Sepulangnya dari Inggris, Agustus 1950, ia diterjunkan ke Ambon menghadapi RMS dan berhasil mengudarakan RRI Ambon setelah 3 hari ditinggalkan RMS. "Untuk membuat ruang kedap suara, kami menggunakan kain panas (selimut)," katanya.
Kembali ke Jakarta, ia menduduki jabatan yang kedengaran cukup mapan: kepala bagian teknik RRI Jakarta.
Malam hari ia menjadi penyiar berita dalam siaran bahasa Inggris. Tugasnya tidak terbatas pada membacakan, tapi juga menyusun berita.
Namun tidak lama ia pun ditunjuk menjadi wakil Indonesia dalam ITU (International Telecommunication Union) di Jenewa, sebuah lembaga khusus di bawah naungan PBB.
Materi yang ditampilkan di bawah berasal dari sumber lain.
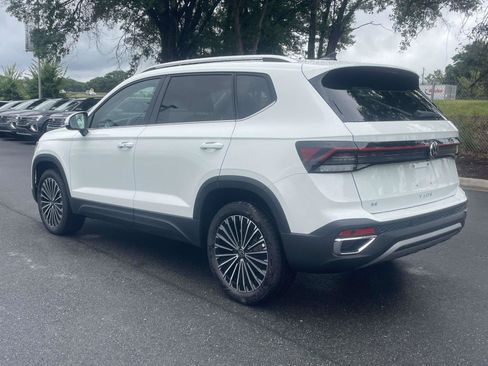 New 2026 Volkswagen Taos SE FWD image 5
Dengan mata menerawang jauh, Des membayangkan saat-saat ia, dalam usia 23 tahun, bergaji AS $ 1.000 per bulan, di masa harga mobil VW AS $ 450 dan Hilman AS $ 670.
Penugasan yang berlangsung setahun itu disusul dengan pernikahan. Tapi baru setahun menetap di Jakarta, ia ditugaskan menjadi atase pers di Austria, kemudian Hungaria, lalu Manila.
Karier diplomatnya terhenti, ketika ia meninggalkan jabatan untuk hidup dalam pelarian. Itu terjadi dalam konteks Sjahrir yang terlibat dalam pemberontakan PRRI-Permesta.
Di luar negeri Des membentuk kantor penerangan pemberontakan bersama Daan Mogot. (Kompas 11/08/91)
Barangkali masa itu bukanlah yang paling menyenangkan dalam hidupnya. Mula-mula ia tinggal di Swis, kemudian Singapura, lalu Hongkong. Setiap kali pemerintah setempat menghendaki mereka pergi, pindahlah mereka.